Boston – State Representative Steven S. Howitt (R-Seekonk) recently voted to support a pharmacy access bill focused on limiting out of pocket prescription costs for consumers and establishing a licensing process for pharmacy benefit managers (PBMs).

House Bill 4891, An Act relative to pharmaceutical access, costs and transparency, also known as the PACT Act, was engrossed by the House of Representatives on July 24 on a vote of 158-0. The Senate passed its own version of the bill on November 15, and the differences between the two proposals will now have to be worked out in conference committee negotiations.

Representative Howitt said the PACT Act would require health insurers offering policies in Massachusetts to limit consumers’ out-of-pockets costs for medications used to treat diabetes, asthma, and heart conditions that are most prevalent among their members. Insurers would be required to select one generic and one brand name drug for each of these conditions, with generic drugs to be offered to members without a co-payment or other cost-sharing, and co-payments for brand name drugs capped at $25 for a 30-day supply. New members will be allowed to receive coverage from their insurer for a 30-day supply of any drugs they have already been prescribed and on which they are stable, with documentation by the member’s prescriber.

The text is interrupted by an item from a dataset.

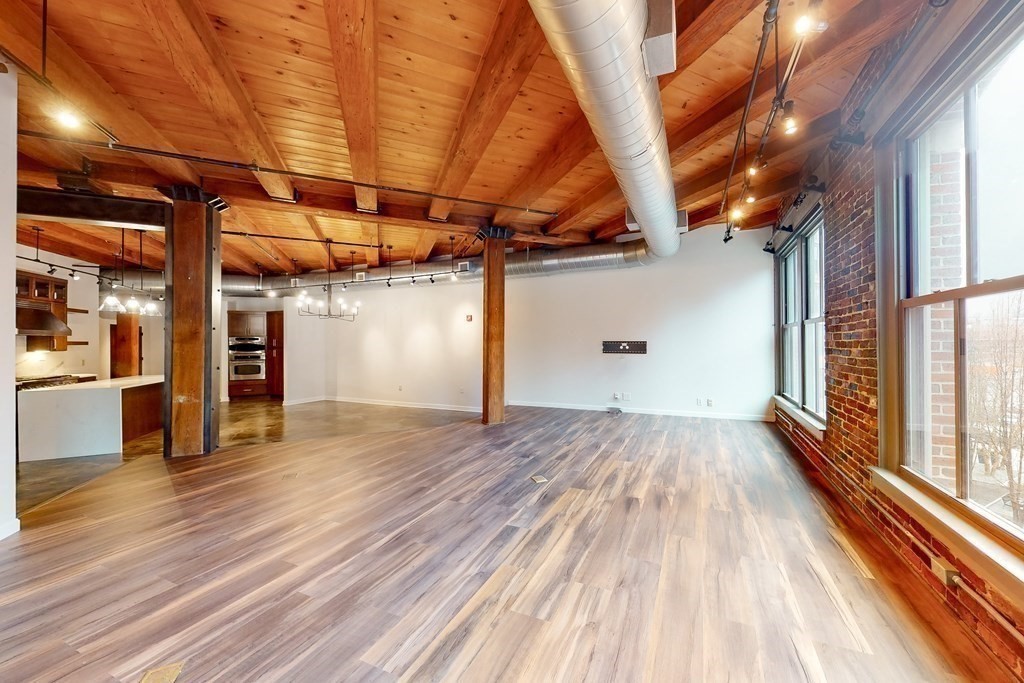 35 Channel Center St, Seaport District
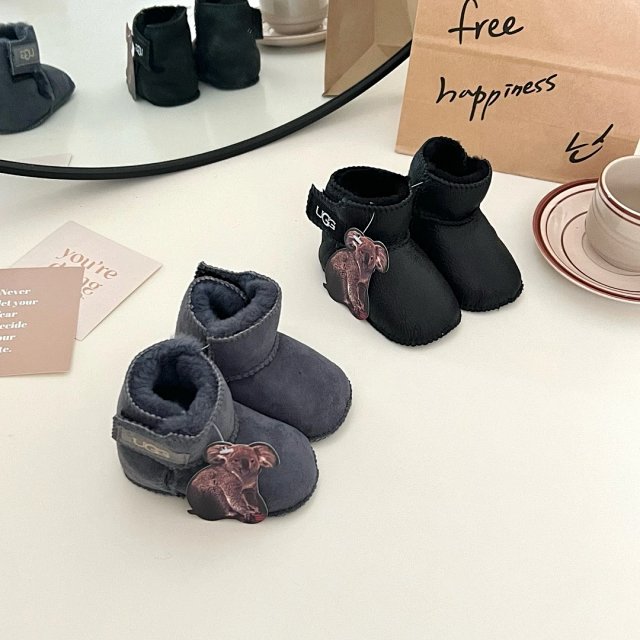 UGG Children's snow boots: seller detail photo 10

According to Representative Howitt, House Bill 4891 contains provisions detailing how insurers must go about selecting a drug for each medical condition. Among the factors insurers must consider is whether the drug is of clear benefit, is likely to reduce hospital visits, is cost effective, and is one of the most widely utilized treatments for the condition.

House Bill 4891 also establishes a formal licensing process for pharmacy benefit managers (PBMs), who act as intermediaries between health insurance companies, pharmacies, and drug manufacturers to manage prescription drug benefits. The state’s Division of Insurance (DOI) would oversee the process, including the development of an application and an examination to ensure that PBMs are able to meet their responsibilities under contracts with carriers. Representative Howitt said PBMs would receive a license that is valid for three years, and for three-year renewal periods, but would be subject to having their license suspended, revoked, or renewed with restrictions if DOI determines such action is needed to protect the best interest of consumers.

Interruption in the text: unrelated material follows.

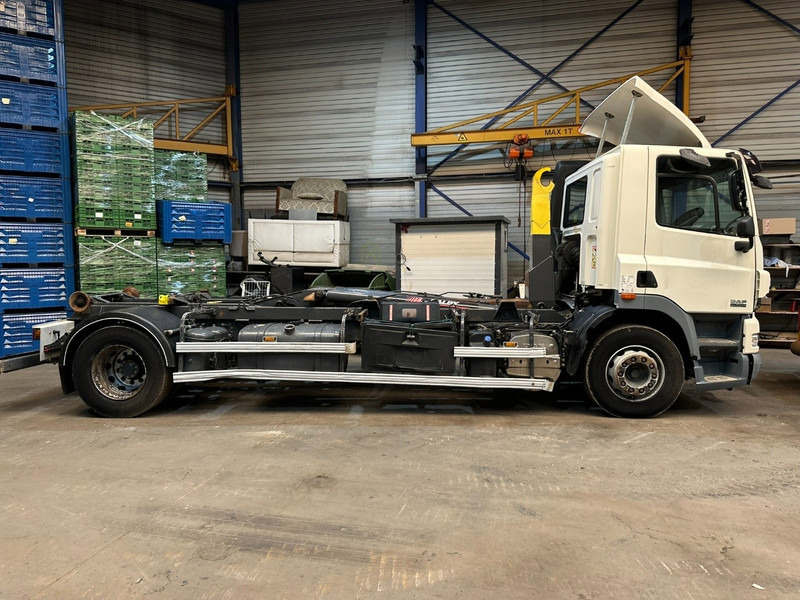 DAF CF 85.410 19T - 4x2 HOOKLIFT DALBY 16T - 5350mm - MANUAL ZF - TUV 09/2025 - EURO 5 - A/C - Camión multibasculante: foto 4 DAF CF 85.410 19T - 4x2 HOOKLIFT DALBY 16T - 5350mm - MANUAL ZF - TUV 09/2025 - EURO 5 - A/C - Camión multibasculante: foto 4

Under the PACT Act, PBMs would be prohibited from using “spread pricing”, a prescription drug pricing model in which the PBM charges a health benefit plan a contracted price for prescription drugs, and the contracted price for the prescription drugs differs from the amount the PBM directly or indirectly pays the pharmacy. In addition, PBMs would be required to offer an accessible network for prescription drugs that provides patients with convenient access to pharmacies within a reasonable distance from their residence. Representative Howitt said the legislation also ensures that consumers can benefit from drug rebates by requiring that 80% of the rebates received by PBMs or carriers is made available to an insured person at the point of sale.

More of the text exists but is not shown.